In Diokno’s forum presentation, he reiterated that banks are adequately capitalized and have low exposure to bad debts, and that despite the weak loan demand, the banking sector can support the economy, especially micro, small and medium enterprises (MSMEs) by providing sufficient credit and other financial services. Last year, the BSP has injected P2 trillion of liquidity as part of its anti-pandemic response.
“The favorable inflation outlook and well-anchored inflation expectations allowed us to inject money into the economy without fear of causing unmanageable spike in consumer prices,” he told forum participants.
Part of BSP anti-pandemic measures is to reduce the interest rates by 200 basis points (bps) and to cut RRR to 12 percent from 14 percent to shore up market confidence and to make sure there are adequate liquidity and credit while battling the health crisis. The Monetary Board approved a 400 bps cut to RRR in 2020 but the BSP only reduced the ratio by 200 bps, seeing no further need to use up the entire 400 bps authority to slash the RRR last year.

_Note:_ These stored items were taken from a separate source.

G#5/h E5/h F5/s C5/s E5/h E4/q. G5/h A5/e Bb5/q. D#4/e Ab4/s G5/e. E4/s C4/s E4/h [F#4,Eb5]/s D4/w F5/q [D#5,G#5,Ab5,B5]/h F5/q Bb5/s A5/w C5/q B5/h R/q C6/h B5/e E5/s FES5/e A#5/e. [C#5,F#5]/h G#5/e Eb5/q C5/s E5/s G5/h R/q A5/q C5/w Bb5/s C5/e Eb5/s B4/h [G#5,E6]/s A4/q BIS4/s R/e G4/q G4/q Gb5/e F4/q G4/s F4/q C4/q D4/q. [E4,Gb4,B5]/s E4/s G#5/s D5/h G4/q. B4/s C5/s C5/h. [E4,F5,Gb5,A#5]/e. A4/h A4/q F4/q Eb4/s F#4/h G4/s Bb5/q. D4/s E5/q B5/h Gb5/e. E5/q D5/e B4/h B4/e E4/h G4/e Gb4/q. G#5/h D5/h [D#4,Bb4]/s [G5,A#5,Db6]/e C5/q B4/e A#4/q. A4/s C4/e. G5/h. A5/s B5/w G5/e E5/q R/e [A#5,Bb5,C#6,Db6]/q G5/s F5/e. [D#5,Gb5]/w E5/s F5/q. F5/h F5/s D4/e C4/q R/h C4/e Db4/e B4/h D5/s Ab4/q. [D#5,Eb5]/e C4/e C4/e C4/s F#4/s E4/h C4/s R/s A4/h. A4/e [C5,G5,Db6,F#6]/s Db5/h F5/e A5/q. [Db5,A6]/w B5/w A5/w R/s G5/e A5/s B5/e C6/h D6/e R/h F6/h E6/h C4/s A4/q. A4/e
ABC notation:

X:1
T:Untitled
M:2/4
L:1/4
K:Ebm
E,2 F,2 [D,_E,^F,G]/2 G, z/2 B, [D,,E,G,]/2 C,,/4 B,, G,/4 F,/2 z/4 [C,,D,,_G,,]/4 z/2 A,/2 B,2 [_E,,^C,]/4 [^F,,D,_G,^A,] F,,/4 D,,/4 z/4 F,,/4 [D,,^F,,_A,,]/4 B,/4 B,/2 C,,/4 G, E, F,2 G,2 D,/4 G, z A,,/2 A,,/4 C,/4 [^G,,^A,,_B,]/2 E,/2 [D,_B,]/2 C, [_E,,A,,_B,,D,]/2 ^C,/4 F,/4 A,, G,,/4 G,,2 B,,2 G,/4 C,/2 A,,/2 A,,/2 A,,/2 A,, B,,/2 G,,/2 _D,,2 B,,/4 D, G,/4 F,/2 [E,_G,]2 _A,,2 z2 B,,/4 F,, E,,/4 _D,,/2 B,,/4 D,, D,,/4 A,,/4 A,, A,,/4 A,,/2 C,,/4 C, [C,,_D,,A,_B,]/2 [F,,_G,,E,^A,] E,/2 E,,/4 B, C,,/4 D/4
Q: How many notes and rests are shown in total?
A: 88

Diokno also said in his presentation that even with the COVID-19 health crisis, the government will restart its pre-pandemic target of becoming an upper-middle income economy. Before the pandemic, the government’s original schedule of achieving a higher income status is mid-2023. “We intend to go back to that trajectory even amid the pandemic,” he said.
In the meantime, he again said that the BSP will keep an accommodative monetary policy stance while the economy is recovering from the COVID-19 crisis. With the vaccine rollout, he also thinks the economic crisis is nearing its end and an expansionary monetary support will ensure recovery stays on its course.
“We recognize that the economy is still in its nascent recovery phase,” said Diokno. “The accommodative monetary policy settings provide significant stimulus to demand and should be allowed to continue to work their way through the economy to bolster recovery in private consumption and investment.”
For the moment, the BSP has started its comprehensive review of the right timing of scaling back the size of liquidity and COVID-19 relief measures to avoid financial distress post-pandemic. It is a cautious voice the BSP chief has often adopted. “Doing this too late or too early may have serious repercussions on the economy,” he has said.
The biggest of the BSP liquidity support was in the government securities market. So far, central bank purchases have accounted for 5.60 percent of GDP, followed by non-traditional BSP provisional advances to the National Government which was about three percent of GDP. The latter is an extraordinary BSP provision in the amount of a fresh P540 billion cash advance in January, on top of traditional monetary interventions and regulatory relief measures
The liquidity released due to RRR cuts in 2020 accounted for 1.17 percent of GDP. The 200 bps policy rate cuts, on the other hand, translated to liquidity equivalent to 0.29 percent and BSP’s P20 billion dividend remittances to the government is another 0.11 percent.